* _EXERCISE DETAILS_
Could you restate, exactly and with nothing added, the lines from the start of the data through the line that holds "Vegetable Direct-」 11月16日より販売開始", leaving the pictures out?

· · · ·

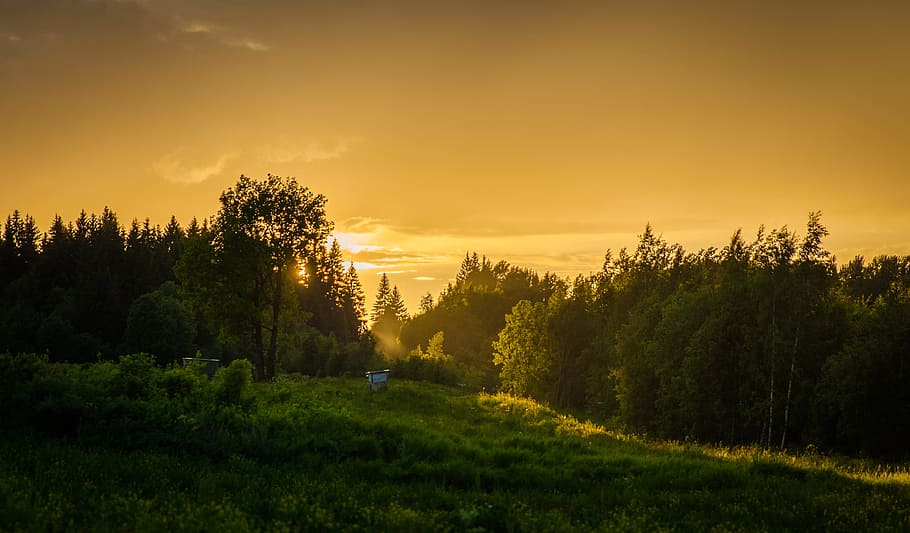 green forest field, tree, landscape, sunset, nature, russia HD wallpaper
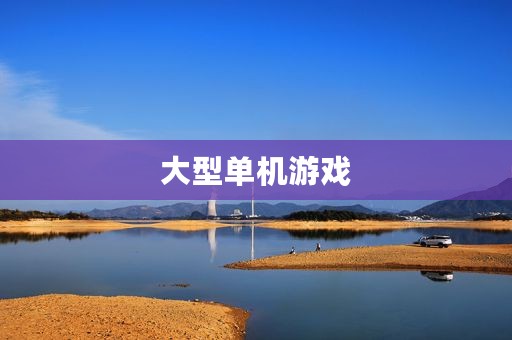 大型单机游戏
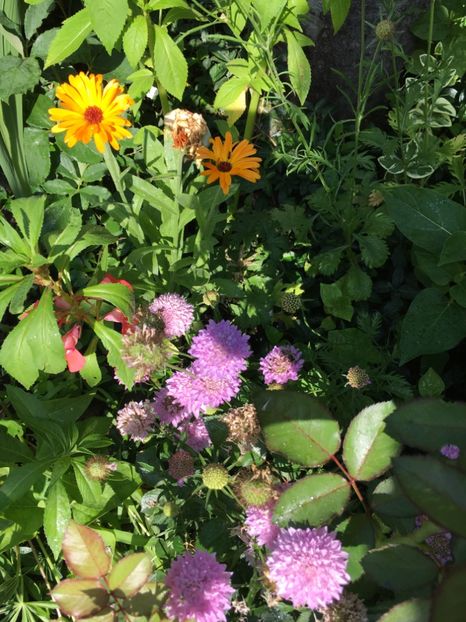 scabiosa - Flori de vara 2018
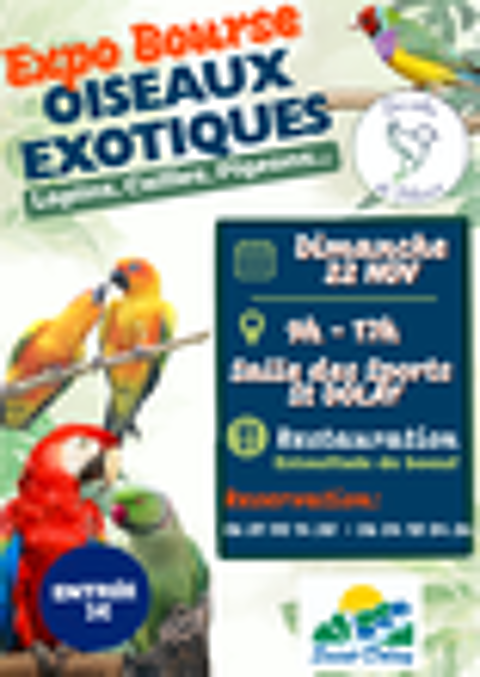 exposition / bourse d'oiseaux exotiques , lapins , pigeons , Bourse des collections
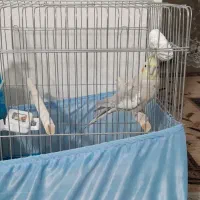 عروس هلندی نر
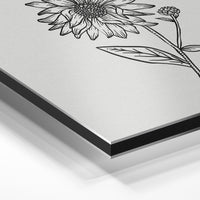 Gros plan de la matière : le tirage contrecollé sur aluminium Dibond mat, tranche visible.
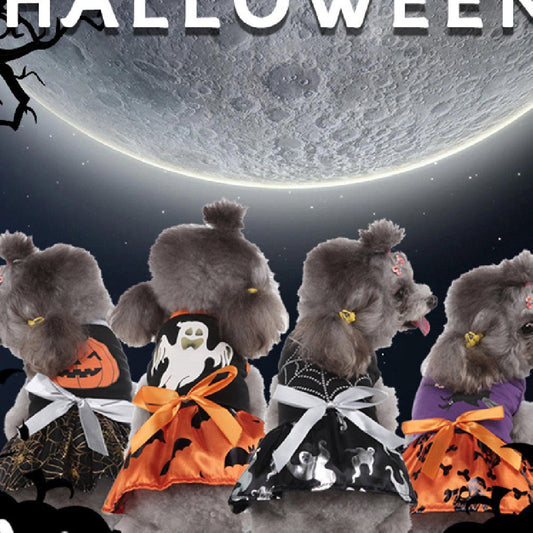 Christmas Dog Supplies Witch Dog Clothing Bat | Luxury Home Accessories | Heulog Glow
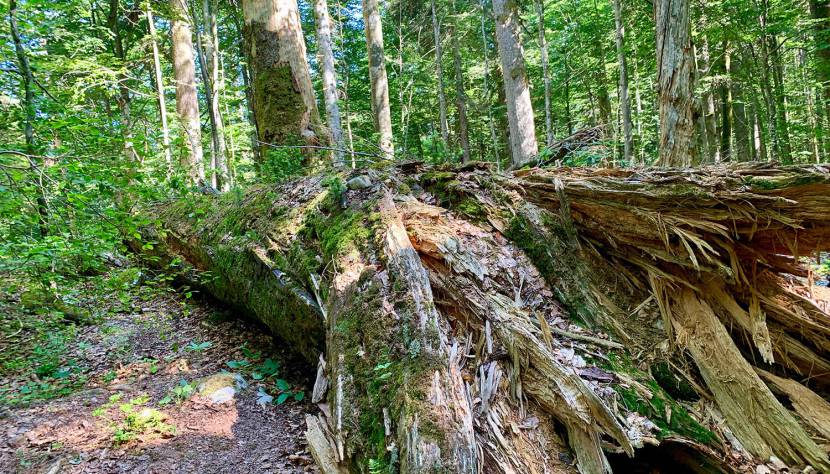 Wälder, die Geschichten erzählen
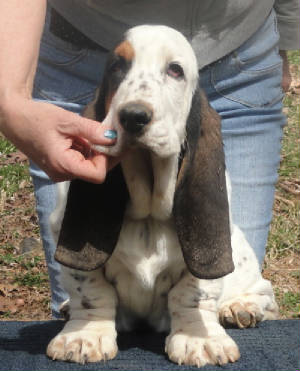 Zinnia4months.jpg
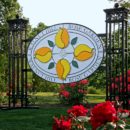 Walnut Hill Rose Garden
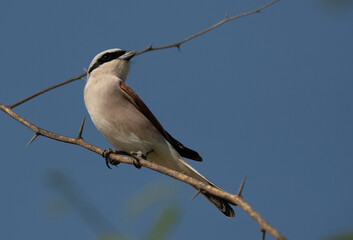 Red-backed shrike perched on acacia tree, Bahrain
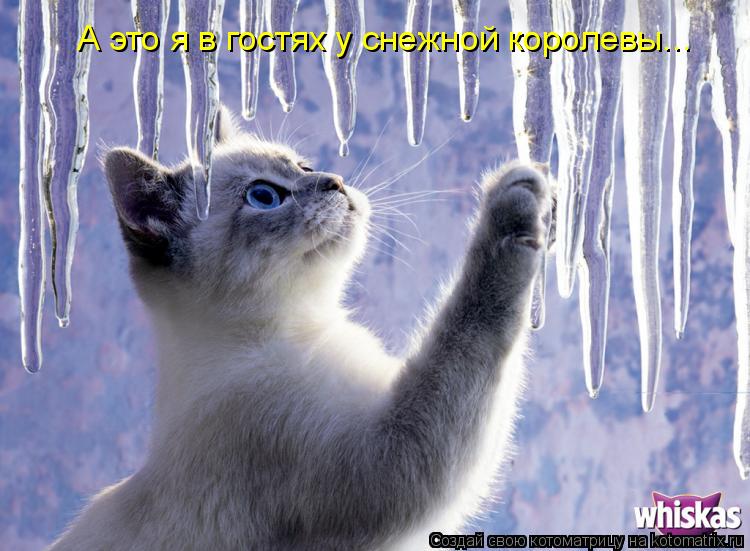 А это я в гостях у снежной королевы...... Котоматрица: А это я в гостях у снежной королевы...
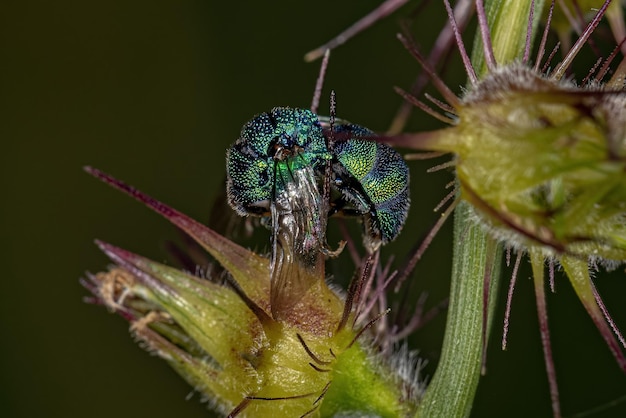 Dode volwassen koekoekswesp van de familie Chrysididae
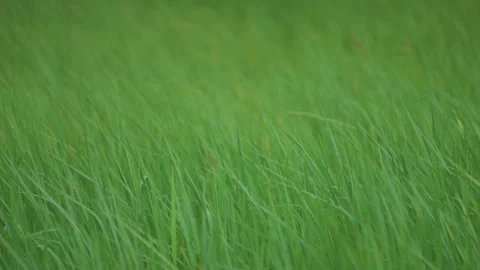 Rice sprouts or seeding in rice filed of countryside Stock Footage 247645255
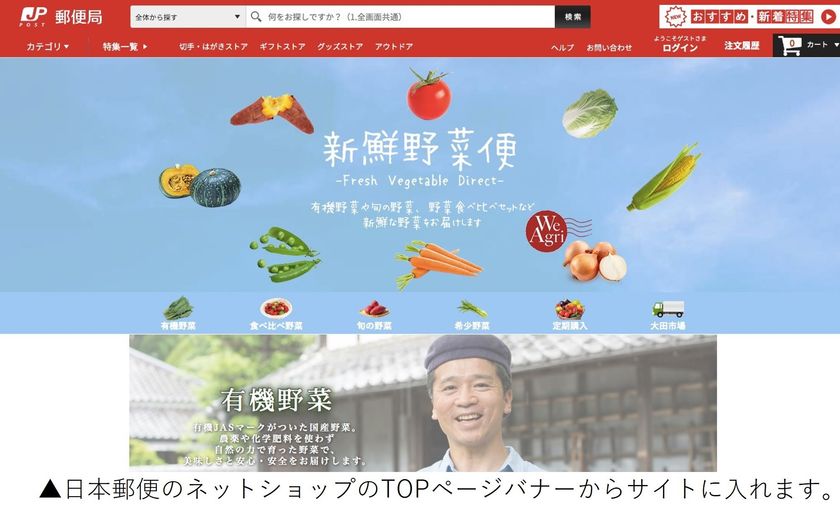 日本郵便のネットショップで旬な新鮮野菜を届ける通販サイトを開設
「新鮮野菜便 -Fresh Vegetable Direct-」 11月16日より販売開始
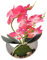 Aisamco 1 Stück Künstliche Orchideenblüten mit weißem Topf Gefälschte Phalaenopsis-Blumen aus Kunststoff mit Topf Künstliche Blume für Zuhause Hochzeit Bürodekoration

· · · ·

* _SOLVED EXERCISE_
 green forest field, tree, landscape, sunset, nature, russia HD wallpaper
 大型单机游戏
 scabiosa - Flori de vara 2018
 exposition / bourse d'oiseaux exotiques , lapins , pigeons , Bourse des collections
 عروس هلندی نر
 Gros plan de la matière : le tirage contrecollé sur aluminium Dibond mat, tranche visible.
 Christmas Dog Supplies Witch Dog Clothing Bat | Luxury Home Accessories | Heulog Glow
 Wälder, die Geschichten erzählen
 Zinnia4months.jpg
 Walnut Hill Rose Garden
 Red-backed shrike perched on acacia tree, Bahrain
 А это я в гостях у снежной королевы...... Котоматрица: А это я в гостях у снежной королевы...
 Dode volwassen koekoekswesp van de familie Chrysididae
 Rice sprouts or seeding in rice filed of countryside Stock Footage 247645255
 日本郵便のネットショップで旬な新鮮野菜を届ける通販サイトを開設
「新鮮野菜便 -Fresh Vegetable Direct-」 11月16日より販売開始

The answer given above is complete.